LONDON, March 2 (Reuters) - Britain's security services missed a "significant" opportunity to take action which might have prevented a 2017 deadly suicide bombing at the end of an Ariana Grande pop concert in Manchester, an inquiry into the attack concluded on Thursday.
Twenty-two people - the youngest aged just eight - died in the blast and more than 200 were injured when a man detonated a homemade bomb at Manchester Arena as parents arrived to collect their children following the U.S. singer's show.
Inquiry chairman John Saunders said the domestic MI5 spy agency had missed chances that might have stopped the attack and he criticised its intelligence sharing with counter-terrorism police.
"There was a significant missed opportunity to take action that might have prevented the attack," Saunders said in his third and final report into the bombing, the deadliest in Britain since the 2005 London transport suicide attacks.
"It is not possible to reach any conclusion on the balance of probabilities or to any other evidential standard as to whether the attack would have been prevented.

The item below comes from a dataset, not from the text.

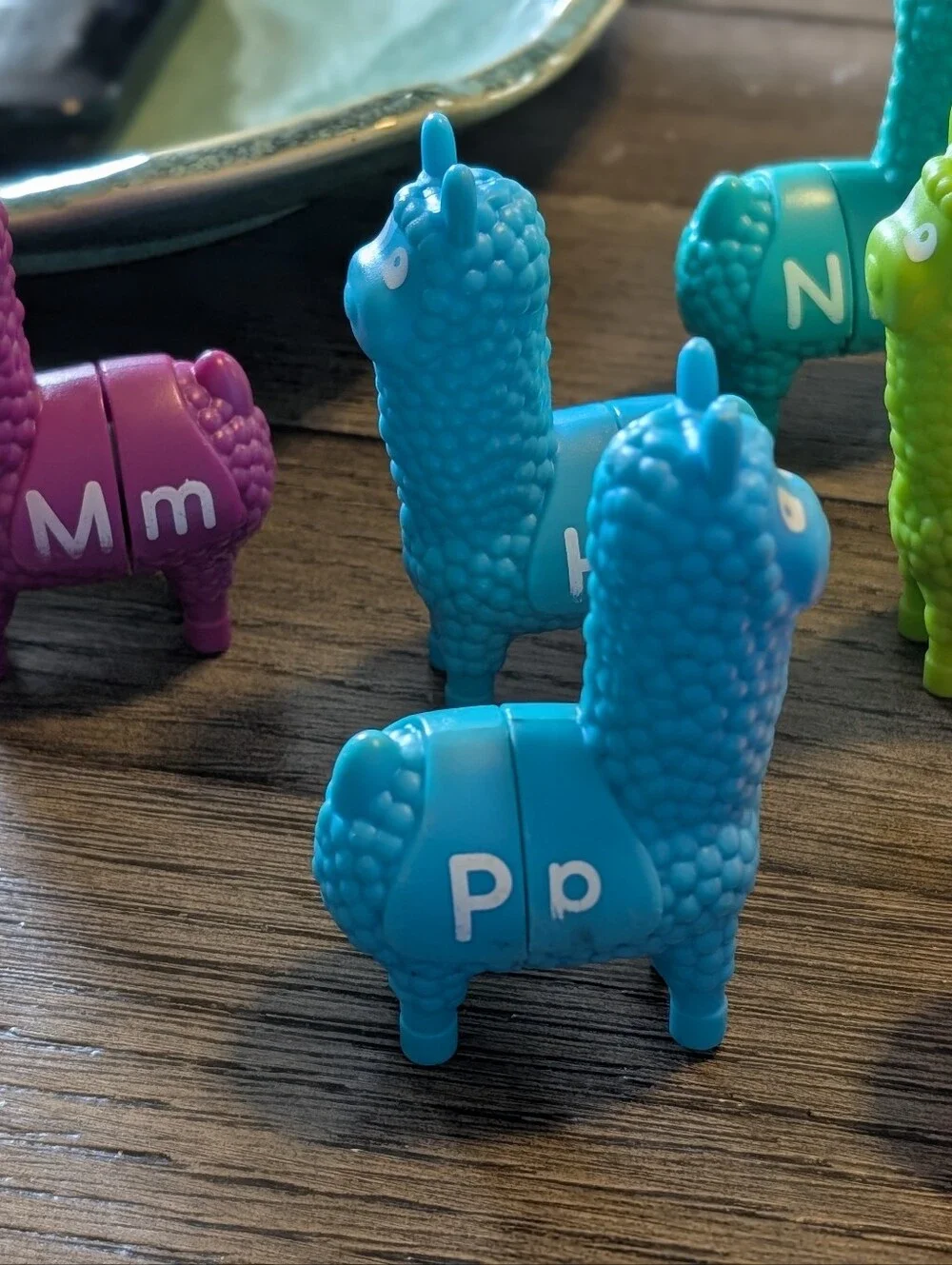Snap N Learn Ltr Llamas Lot Of 11 - P R D K F J B H M Y N A L Z U O W S C E Q X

"However, there was a realistic possibility that actionable intelligence could have been obtained which might have led to actions preventing the attack."
A lawyer for 11 families who lost loved ones said the failures highlighted in the report were unacceptable.
"As a result of these failures, at the very least, a real possibility of preventing this attack was lost. This is a devastating conclusion for us," lawyer Richard Scorer said.
Saunders' previous reports have concluded there were serious shortcomings and mistakes made in the security at the venue. He also found that one of those killed would probably have survived if the response by the emergency services had not been so flawed.
The bombing was carried out by Salman Abedi, 22, while his younger brother Hashem was jailed for 55 years in 2020 for encouraging and helping him.
A third, elder brother, Ismail, was in July convicted in his absence of failing to attend the inquiry to give evidence, having fled Britain. The Abedi brothers were born to Libyan parents who emigrated to Britain during the rule of Muammar Gaddafi.
Saunders' findings echo those of parliament's Intelligence and Security Committee which concluded in a 2018 report that Britain's MI5 security service had missed potential opportunities to prevent the bombing, and failed to learn from previous attacks.